Name Type Description
llm LLM

the LLM to be used to generate the outputs of the task.

group_generations bool

whether to group the num_generations generated per input in a list or create a row per generation. Defaults to False.

add_raw_output RuntimeParameter[bool]

whether to include a field with the raw output of the LLM in the distilabel_metadata field of the output. Can be helpful to not loose data with Tasks that need to format the output of the LLM. Defaults to False.

num_generations RuntimeParameter[int]

The number of generations to be produced per input.

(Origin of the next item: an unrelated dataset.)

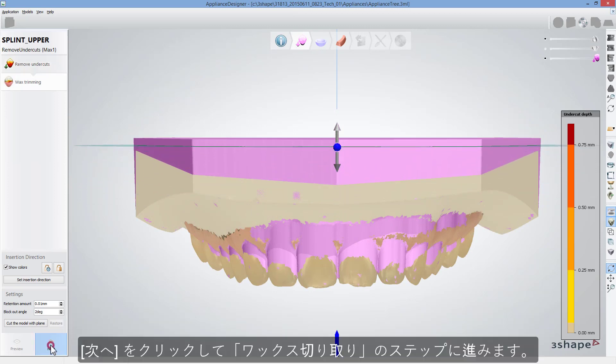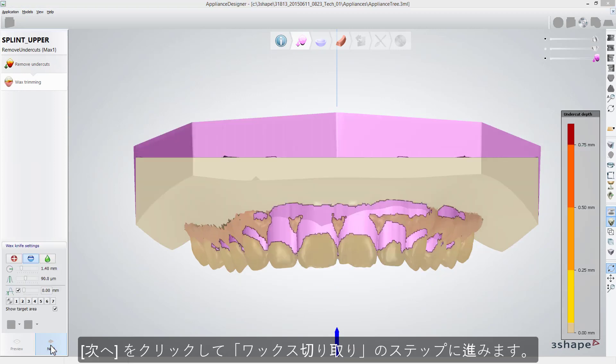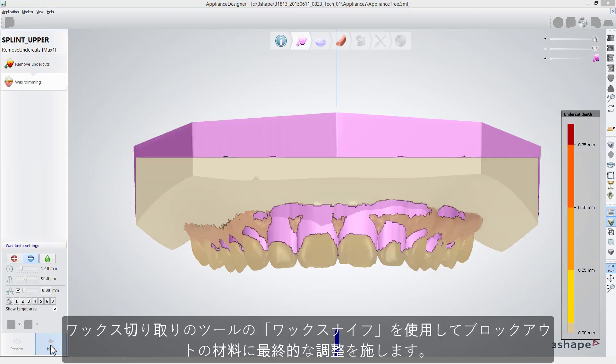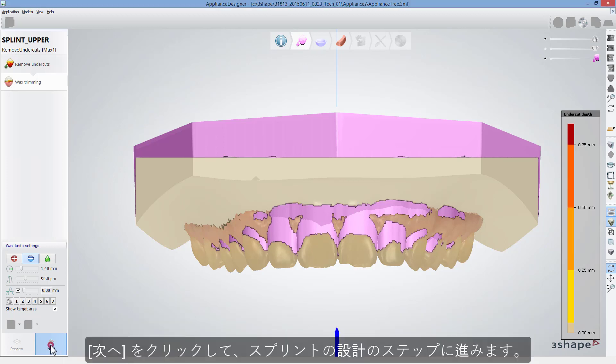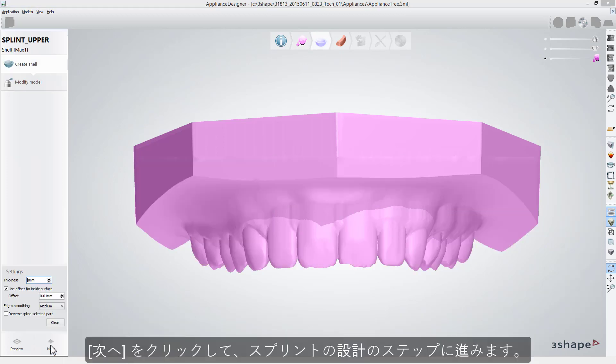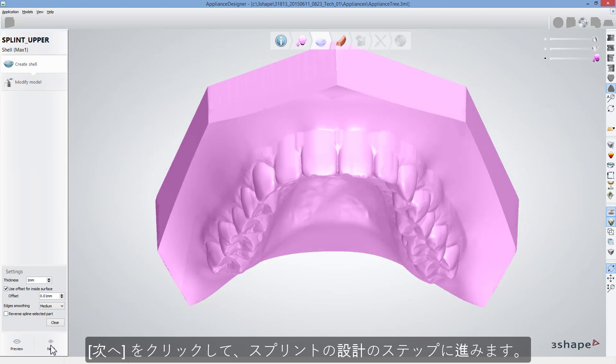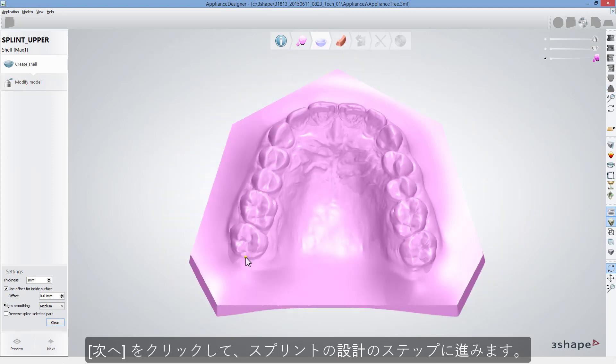Then click Next to get to the Wax trimming step, where you can do the final adjustments to the blocking out material using wax knife. Click Next again to get to the Splint shell design step.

Source code in src/distilabel/steps/tasks/base.py
class _Task(_Step, ABC):
    """_Task is an abstract class that implements the `_Step` interface and adds the
    `format_input` and `format_output` methods to format the inputs and outputs of the
    task. It also adds a `llm` attribute to be used as the LLM to generate the outputs.

    Attributes:
        llm: the `LLM` to be used to generate the outputs of the task.
        group_generations: whether to group the `num_generations` generated per input in
            a list or create a row per generation. Defaults to `False`.
        add_raw_output: whether to include a field with the raw output of the LLM in the
            `distilabel_metadata` field of the output. Can be helpful to not loose data
            with `Tasks` that need to format the output of the `LLM`. Defaults to `False`.
        num_generations: The number of generations to be produced per input.
    """

    llm: LLM

    group_generations: bool = False
    add_raw_output: RuntimeParameter[bool] = Field(
        default=True,
        description=(
            "Whether to include the raw output of the LLM in the key `raw_output_<TASK_NAME>`"
            " of the `distilabel_metadata` dictionary output column"
        ),
    )
    add_raw_input: RuntimeParameter[bool] = Field(
        default=True,
        description=(
            "Whether to include the raw input of the LLM in the key `raw_input_<TASK_NAME>`"
            " of the `distilabel_metadata` dictionary column"
        ),
    )
    num_generations: RuntimeParameter[int] = Field(
        default=1, description="The number of generations to be produced per input."
    )
    use_default_structured_output: bool = False

    _can_be_used_with_offline_batch_generation: bool = PrivateAttr(False)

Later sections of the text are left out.